The Overstory, by Richard Powers. Maybe his most ambitious book yet: it seeks, essentially, to instill in its reader a sense of sympathy and identification with trees. The reason it works so well, I think, is partly because Powers takes his time to establish the stories of each character, and partly because his writing about geological time, and about the biological miracle of plant life, is so stunningly beautiful. Quite possibly the best book I’ve read, or will read, this year.
The Italian Teacher, by Tom Rachman. What does it mean to be an artist? What constitutes art? Does genius excuse monstrosity? Twentieth century art and art criticism, the terrible void inherent in the knowledge that artistic value is a mere function of consensus, and the anxiety of influence not only from artist to artist, but from father to son: Rachman deals with them all, in this deeply engrossing and deeply moving novel.
Painter To the King, by Amy Sackville. In her third novel, Sackville zooms all the way in on Diego Velazquez’s life and work at the court of Felipe IV. While it might be described as a fictional biography, what Painter to the King does most consistently and remarkably is convey what it feels like to be someone who sees the world as a painter – as this particular painter – does.
The Madonna of the Mountains, by Elise Valmorbida. Quiet, but brilliant: it feels effortlessly emotionally engaging, without resorting to either melodrama or apparent anachronism. Reading it really feels as if you are peering into the head of, let’s say, your great-grandmother; someone whose world is not your world, whose socially conditioned responses are alien to your own. One of the most restrained, yet profoundly convincing, historical novels that I’ve read in years, perhaps ever.
Sing Unburied Sing, by Jesmyn Ward. It’s a road trip novel; it’s an examination of American racism and history; it’s modern-day Faulkner, lyrical and elegiac.

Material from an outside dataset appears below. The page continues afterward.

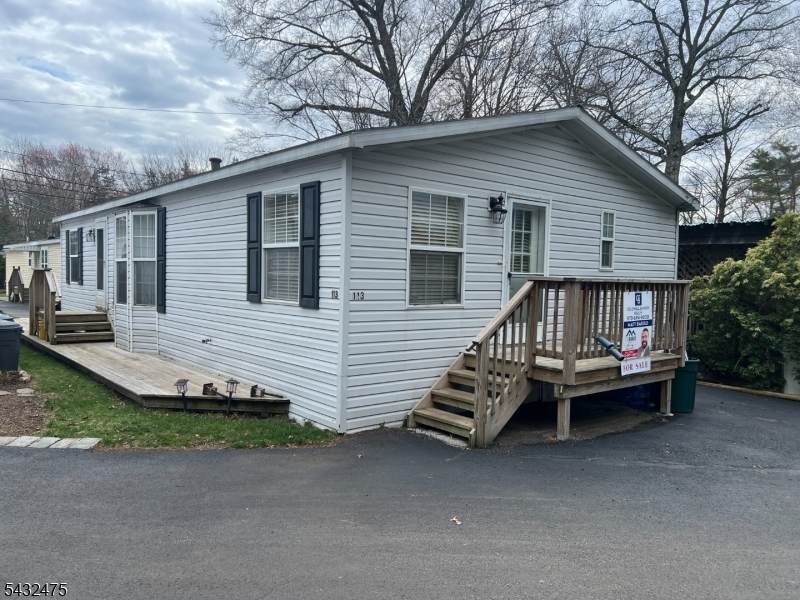 600 Pulis Ave - Photo 1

Jojo, our young narrator, will stay with you for a long time, as will his strong love for his baby sister Kayla and his mother Leonie’s desperation to bring her boyfriend Michael home from prison. An utterly stunning book.
The Book of Joan, by Lidia Yuknavitch. I described it on Goodreads as “Angela Carter in space”, which I stand by. There is so much going on in this book about bodies, the female body especially, and the reproductive capacities of the female body; how bodies can literally tell stories, carry history; never have I been made so aware of the body as the ultimate site of political resistance. It is resonant with where we are now, as a world, in ways that are both subtle and in-your-face.
Other books that I think might well end up on the longlist: Happiness by Aminatta Forna; Warlight by Michael Ondaatje; The Only Story by Julian Barnes (please God no); I suppose it’s possible that the ubiquitous Eleanor Oliphant will end up with a spot, in which case I will actually cry; The Mermaid and Mrs. Hancock; Crudo by Olivia Laing; Transcription by Kate Atkinson.
We. Shall. See. Do any of you have predictions/desires for the Man Booker long list?